The on-study association of the rate of atrophy and the number of PBHs suggest axonal loss to be one of the driving mechanisms of brain volume loss in MS patients. Previous studies showed the on-study volume of black holes to be closely related to supratentorial brain volume [18] and the baseline volume of black holes to be significantly correlated with subsequent development of atrophy [10, 19]. In contrast, the present study was not able to show a significant relationship between both Gd enhancement activity and T2 lesion load and changes in brain volume as shown in previous studies [8, 10, 19, 20]. These findings, together with the current results, show that the associations between focal tissue changes and atrophy are moderate at best over a relatively long period of follow-up and weaken within shorter amounts of time, most probably due to the noise introduced by the increased variability in the measurements and that focal tissue changes in MS only partly explain atrophy development. This also emphasizes the added value of cerebral atrophy as a measure of the overall destruction of neuronal tissue, encompassing not only measurable focal destruction but also unaccounted diffuse destruction.

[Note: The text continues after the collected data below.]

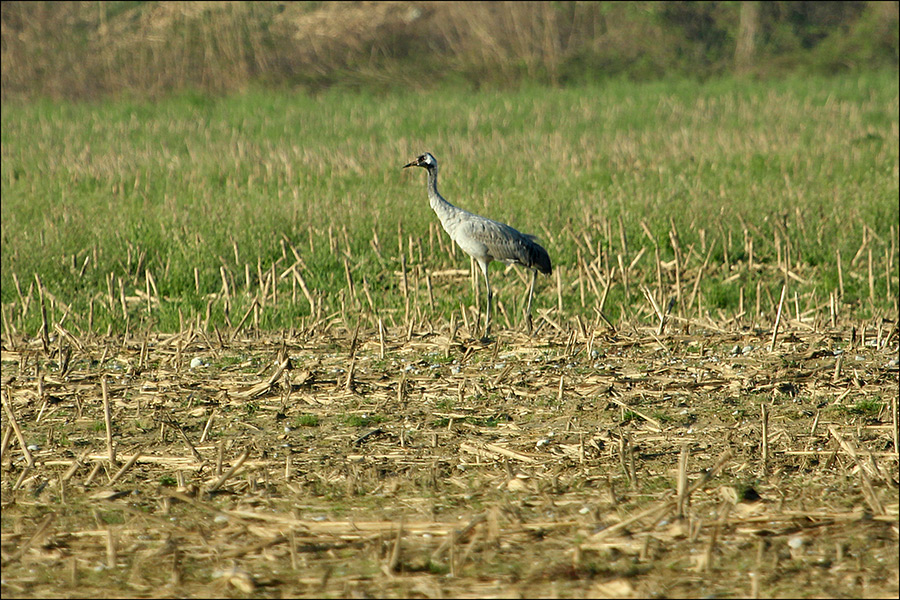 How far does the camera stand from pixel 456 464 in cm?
481

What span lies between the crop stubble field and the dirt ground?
0.8 inches

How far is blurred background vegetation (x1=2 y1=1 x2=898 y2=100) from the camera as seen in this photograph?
84.8ft

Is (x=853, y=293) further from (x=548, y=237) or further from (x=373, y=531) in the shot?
(x=373, y=531)

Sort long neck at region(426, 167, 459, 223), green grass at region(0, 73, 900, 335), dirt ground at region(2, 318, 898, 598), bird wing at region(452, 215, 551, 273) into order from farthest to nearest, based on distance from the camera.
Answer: green grass at region(0, 73, 900, 335) < long neck at region(426, 167, 459, 223) < bird wing at region(452, 215, 551, 273) < dirt ground at region(2, 318, 898, 598)

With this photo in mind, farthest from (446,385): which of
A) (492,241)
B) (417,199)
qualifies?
(417,199)

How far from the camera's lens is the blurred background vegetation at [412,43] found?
84.8 ft

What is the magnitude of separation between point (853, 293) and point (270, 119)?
13.6 m

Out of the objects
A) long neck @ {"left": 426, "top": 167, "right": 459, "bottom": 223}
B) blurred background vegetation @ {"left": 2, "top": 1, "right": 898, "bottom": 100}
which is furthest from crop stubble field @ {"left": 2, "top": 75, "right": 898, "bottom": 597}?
blurred background vegetation @ {"left": 2, "top": 1, "right": 898, "bottom": 100}

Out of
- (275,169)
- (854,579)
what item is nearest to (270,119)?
(275,169)

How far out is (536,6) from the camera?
29719 mm

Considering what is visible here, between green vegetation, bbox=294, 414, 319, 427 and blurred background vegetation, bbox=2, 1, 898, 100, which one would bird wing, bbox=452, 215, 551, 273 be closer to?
green vegetation, bbox=294, 414, 319, 427

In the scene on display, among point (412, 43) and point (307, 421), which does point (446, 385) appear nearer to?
point (307, 421)

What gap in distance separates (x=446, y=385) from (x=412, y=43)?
974 inches

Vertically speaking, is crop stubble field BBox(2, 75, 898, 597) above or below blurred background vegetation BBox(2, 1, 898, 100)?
below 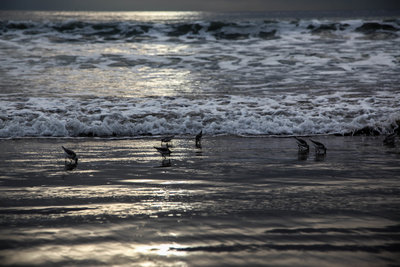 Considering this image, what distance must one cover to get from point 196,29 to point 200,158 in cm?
2540

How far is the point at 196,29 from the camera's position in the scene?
3250 centimetres

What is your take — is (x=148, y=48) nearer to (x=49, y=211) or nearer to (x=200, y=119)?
(x=200, y=119)

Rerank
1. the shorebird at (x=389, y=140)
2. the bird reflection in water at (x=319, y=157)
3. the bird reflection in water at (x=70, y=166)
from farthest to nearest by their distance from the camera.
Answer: the shorebird at (x=389, y=140) < the bird reflection in water at (x=319, y=157) < the bird reflection in water at (x=70, y=166)

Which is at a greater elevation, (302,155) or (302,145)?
(302,145)

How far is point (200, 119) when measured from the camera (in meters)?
12.3

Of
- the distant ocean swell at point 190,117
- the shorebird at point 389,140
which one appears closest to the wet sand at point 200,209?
the shorebird at point 389,140

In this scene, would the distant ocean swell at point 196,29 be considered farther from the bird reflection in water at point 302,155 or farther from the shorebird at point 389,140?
the bird reflection in water at point 302,155

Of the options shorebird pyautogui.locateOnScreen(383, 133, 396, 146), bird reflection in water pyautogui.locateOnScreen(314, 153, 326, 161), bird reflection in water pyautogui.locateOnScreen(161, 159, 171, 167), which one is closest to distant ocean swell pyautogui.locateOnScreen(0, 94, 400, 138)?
shorebird pyautogui.locateOnScreen(383, 133, 396, 146)

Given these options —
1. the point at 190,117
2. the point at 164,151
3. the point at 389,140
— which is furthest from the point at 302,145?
the point at 190,117

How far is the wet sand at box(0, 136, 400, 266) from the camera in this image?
3.88m

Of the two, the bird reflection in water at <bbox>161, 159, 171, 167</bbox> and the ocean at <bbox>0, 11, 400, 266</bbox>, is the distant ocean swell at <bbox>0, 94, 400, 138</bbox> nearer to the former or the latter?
the ocean at <bbox>0, 11, 400, 266</bbox>

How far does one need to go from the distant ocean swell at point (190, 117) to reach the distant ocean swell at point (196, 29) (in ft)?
55.8

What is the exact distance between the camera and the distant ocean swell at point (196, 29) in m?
30.5

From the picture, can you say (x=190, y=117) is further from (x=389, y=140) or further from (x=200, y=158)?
(x=389, y=140) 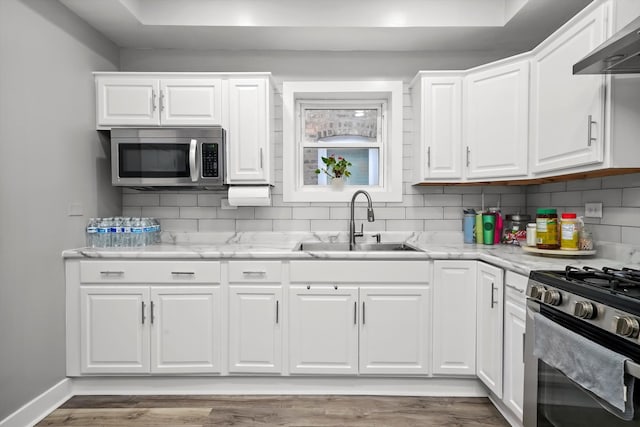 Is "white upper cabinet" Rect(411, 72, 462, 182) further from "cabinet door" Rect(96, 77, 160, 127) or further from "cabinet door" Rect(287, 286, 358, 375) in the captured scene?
"cabinet door" Rect(96, 77, 160, 127)

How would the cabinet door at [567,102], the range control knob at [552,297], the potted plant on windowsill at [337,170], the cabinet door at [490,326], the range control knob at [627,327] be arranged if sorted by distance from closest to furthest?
the range control knob at [627,327] < the range control knob at [552,297] < the cabinet door at [567,102] < the cabinet door at [490,326] < the potted plant on windowsill at [337,170]

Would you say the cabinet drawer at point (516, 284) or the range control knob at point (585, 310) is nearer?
the range control knob at point (585, 310)

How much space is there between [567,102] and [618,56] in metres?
0.46

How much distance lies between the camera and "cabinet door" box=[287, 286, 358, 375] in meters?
2.41

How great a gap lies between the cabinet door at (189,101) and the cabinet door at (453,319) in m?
1.83

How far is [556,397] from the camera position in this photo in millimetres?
1531

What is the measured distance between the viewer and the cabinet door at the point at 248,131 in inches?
108

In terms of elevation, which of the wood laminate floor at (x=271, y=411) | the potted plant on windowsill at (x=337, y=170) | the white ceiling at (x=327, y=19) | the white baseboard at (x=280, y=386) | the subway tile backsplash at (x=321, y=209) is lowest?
the wood laminate floor at (x=271, y=411)

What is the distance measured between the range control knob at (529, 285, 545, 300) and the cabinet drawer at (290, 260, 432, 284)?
30.8 inches

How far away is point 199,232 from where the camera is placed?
308 centimetres

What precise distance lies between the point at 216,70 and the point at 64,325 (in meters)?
2.07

The detectability of atrophy on the short term has been attributed to the measure of activity of the patients assessed within a cohort. Hardmeier et al. [8], who found a significant atrophy rate within 3 months, stated that their finding most likely reflected the natural history of a very active group of RRMS patients with well-established disease and could explain the absence of atrophy in comparable short-termed studies [9, 21]. The current study population underwent partly MRI-based selection criteria at baseline and can be regarded as an active cohort of MS patients, shown by the increase in T2 lesion load and Gd-enhancing lesion number and volume over the study period and the high proportion of active patients. The influence of the measure of activity of patients on the rate of atrophy is also reflected when the subgroups based on the applied baseline selection criteria are compared (Table 2). Although a more active cohort might influence the generalizability compared to a more random sampled cohort of patients and selection criteria make it more difficult to recruit subjects, the trade-off is a larger sample size being required when using unselected patients.
In conclusion, our finding suggests that the rate of cerebral atrophy is a detectable outcome measure in short-term clinical trials in RRMS and applicable in terms of study power while a potent drug is applied.